Monday, August 08, 2011

Get me rewrite? With books evolving into digital texts, authors could go back and change stories from years ago. But would they?


By Alex Beam , Boston Globe Columnist / August 5, 2011 

Books are evolving from print to digital media, and reading is evolving, too. But what about writing? With texts going digital, it becomes alluringly simple to rework, revise - and profitably republish - earlier works. In theory, a writer could download his or her first novel onto a laptop, give it the thorough polish it deserves, and have it back on the real and/or e-bookshelves in a matter of days.

Tempted to revise and expand (or contract)? I asked a handful of writers for their thoughts.

John Banville, author of “The Sea,’’ and several mystery novels under the pen name Benjamin Black: “This is an interesting question. My first thought is that of course I could revise a book on paper and republish it - Auden revised many of his poems and reissued them. So I don’t think the new technology offers something that was not possible before, although I suppose it would make a revision much simpler and cheaper.
“For my part, I could not bear to revisit old work. I have said many times that my Banville books are a standing affront to me, and perhaps this gives a wrong impression: As we all know, my books are better than everyone else’s; they’re just not good enough for me. All I see in them are the faults. I’m after perfection, which is not available. As Beckett says, ‘Fail again.
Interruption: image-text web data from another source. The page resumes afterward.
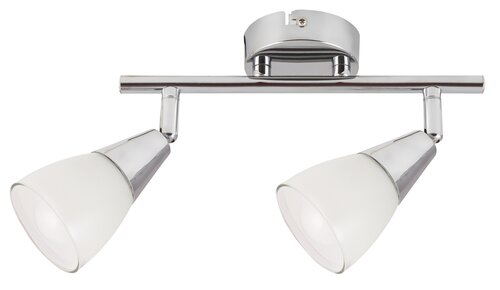 Spot Nicolette, crom, E14 2x 40W, Rabalux 6768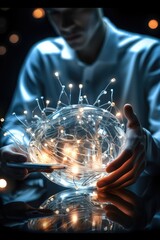 Aufkleber - The advancement of technology will allow us to communicate and connect anytime.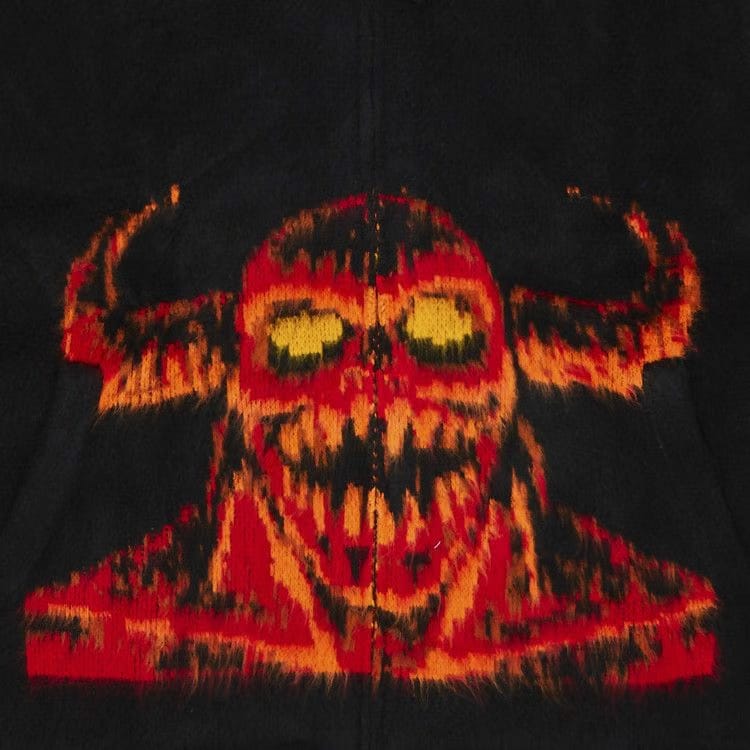 Supreme x Toy Machine Zip Up Hoodie Black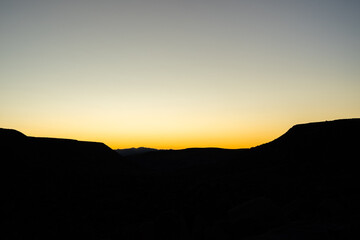 Evening Glow: Sunset at Joshua Tree National Park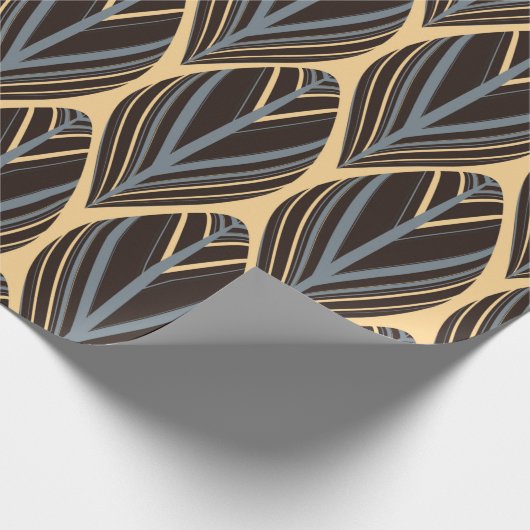 Federn im indischen Stil nahtlos in silber i Geschenkpapier (Ecke)
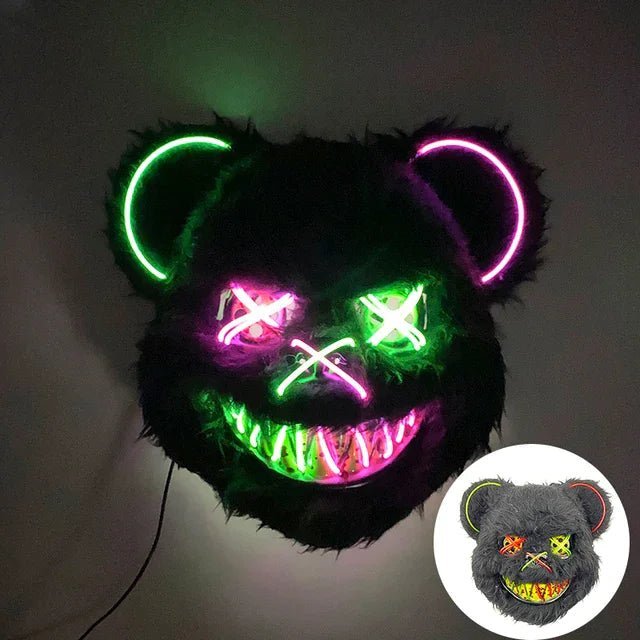 LumenPulse LED-es Purge maszk – neonfényű arctakaró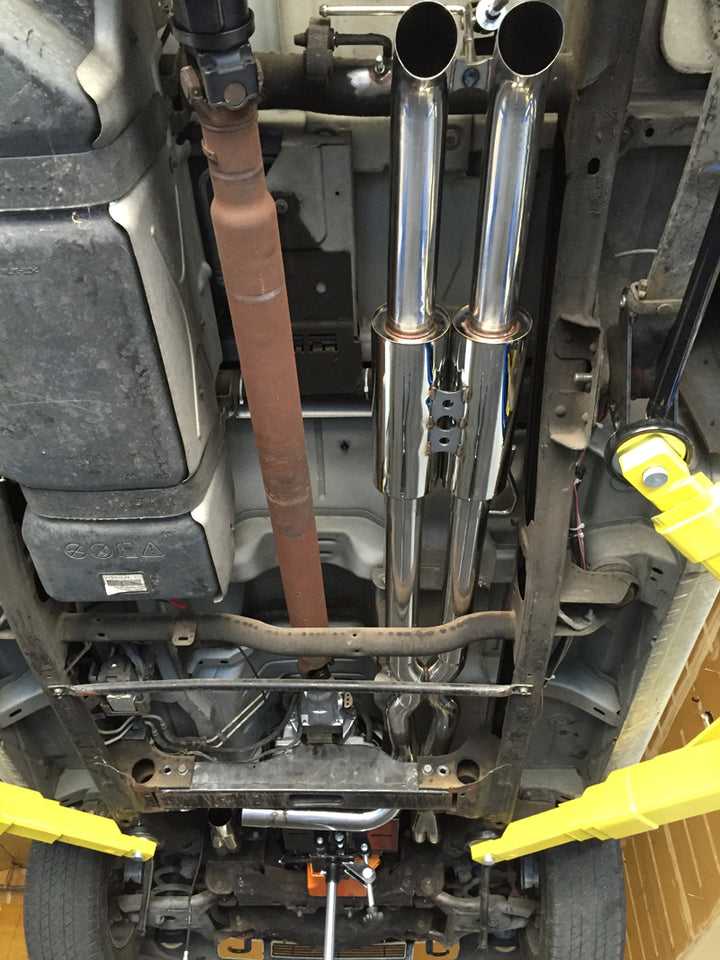 Speed Engineering Silverado & Sierra True Dual Exhaust System Axle Dumps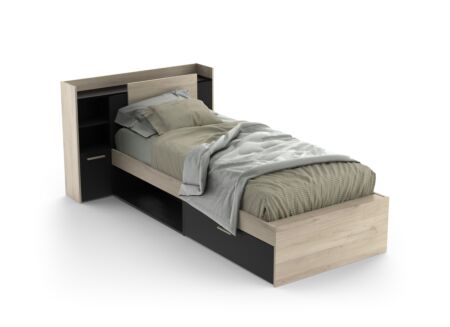 Bed Life 90x190/200cm met opbergruimte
Fail better,’ and that’s the artist’s lot. So I’ll keep failing as best I can, and leave my past failures to posterity.’’

Jane Smiley, author of “A Thousand Acres’: “I remember in college, when we were told that William Butler Yeats rewrote and improved his poems all through his life, that I thought what a shame that was, because I wished that his poems would supply a true record of his growth and development. I still pretty much feel that way - a novel attests to where you were at a certain point in your life, and later novels show whether or not you changed or learned. So I wouldn’t rewrite any of them. But I would correct the typos!’’

Read the comments of other authors at The Boston Globe.


Footnote:
NZ author Witi Ihimaera has of course already rewritten some of his earliest work and without the aid of modern technology.